Extracted data entries

• • •

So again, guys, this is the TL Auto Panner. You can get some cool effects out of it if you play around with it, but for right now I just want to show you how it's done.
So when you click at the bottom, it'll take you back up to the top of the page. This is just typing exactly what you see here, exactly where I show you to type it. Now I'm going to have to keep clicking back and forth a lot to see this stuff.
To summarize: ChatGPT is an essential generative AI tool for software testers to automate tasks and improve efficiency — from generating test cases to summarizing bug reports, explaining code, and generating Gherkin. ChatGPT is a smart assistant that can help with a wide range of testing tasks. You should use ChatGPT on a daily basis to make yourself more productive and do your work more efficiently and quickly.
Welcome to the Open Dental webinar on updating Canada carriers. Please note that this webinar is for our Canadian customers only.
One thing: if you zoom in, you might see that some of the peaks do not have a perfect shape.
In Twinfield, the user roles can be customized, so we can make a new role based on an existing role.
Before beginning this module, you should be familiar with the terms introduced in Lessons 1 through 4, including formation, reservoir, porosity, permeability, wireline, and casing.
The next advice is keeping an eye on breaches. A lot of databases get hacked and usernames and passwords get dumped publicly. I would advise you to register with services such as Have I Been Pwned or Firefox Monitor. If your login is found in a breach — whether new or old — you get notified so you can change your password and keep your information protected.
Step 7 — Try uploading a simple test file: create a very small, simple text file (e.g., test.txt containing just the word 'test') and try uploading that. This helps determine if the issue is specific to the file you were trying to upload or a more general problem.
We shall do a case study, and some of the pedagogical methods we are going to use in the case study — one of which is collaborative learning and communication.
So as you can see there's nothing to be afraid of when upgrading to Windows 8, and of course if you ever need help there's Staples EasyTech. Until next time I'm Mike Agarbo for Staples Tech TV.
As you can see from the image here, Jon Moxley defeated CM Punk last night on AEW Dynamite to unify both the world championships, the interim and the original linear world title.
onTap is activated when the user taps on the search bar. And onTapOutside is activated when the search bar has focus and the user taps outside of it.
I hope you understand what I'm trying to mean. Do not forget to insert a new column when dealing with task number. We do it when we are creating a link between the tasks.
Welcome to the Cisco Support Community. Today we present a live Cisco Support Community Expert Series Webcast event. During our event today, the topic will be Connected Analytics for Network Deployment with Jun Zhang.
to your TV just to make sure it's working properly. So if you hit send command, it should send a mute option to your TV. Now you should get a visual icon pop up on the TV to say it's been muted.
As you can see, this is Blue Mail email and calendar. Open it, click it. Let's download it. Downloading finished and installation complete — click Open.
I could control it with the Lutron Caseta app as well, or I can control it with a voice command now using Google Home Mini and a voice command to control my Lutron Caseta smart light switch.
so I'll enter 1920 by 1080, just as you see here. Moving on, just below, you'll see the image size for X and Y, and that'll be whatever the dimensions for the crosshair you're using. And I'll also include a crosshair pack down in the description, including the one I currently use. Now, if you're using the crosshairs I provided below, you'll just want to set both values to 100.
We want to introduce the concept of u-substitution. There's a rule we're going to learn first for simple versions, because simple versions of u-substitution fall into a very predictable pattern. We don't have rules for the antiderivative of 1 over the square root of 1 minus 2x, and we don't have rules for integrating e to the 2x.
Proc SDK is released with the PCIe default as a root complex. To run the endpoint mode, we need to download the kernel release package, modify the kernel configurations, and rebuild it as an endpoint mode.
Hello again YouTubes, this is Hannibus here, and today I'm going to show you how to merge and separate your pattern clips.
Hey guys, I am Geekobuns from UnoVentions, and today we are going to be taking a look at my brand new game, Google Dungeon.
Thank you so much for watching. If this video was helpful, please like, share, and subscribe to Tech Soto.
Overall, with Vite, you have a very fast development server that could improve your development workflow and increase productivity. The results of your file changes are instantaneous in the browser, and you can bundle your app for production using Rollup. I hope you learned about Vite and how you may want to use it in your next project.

• • •

### [Task prompt]
In your answer, include only the lines above starting at the line that holds "I hope you understand" and ending at the line that holds "Welcome to the Cisco", copied exactly.

### [Solution to this exercise]
I hope you understand what I'm trying to mean. Do not forget to insert a new column when dealing with task number. We do it when we are creating a link between the tasks.
Welcome to the Cisco Support Community. Today we present a live Cisco Support Community Expert Series Webcast event. During our event today, the topic will be Connected Analytics for Network Deployment with Jun Zhang.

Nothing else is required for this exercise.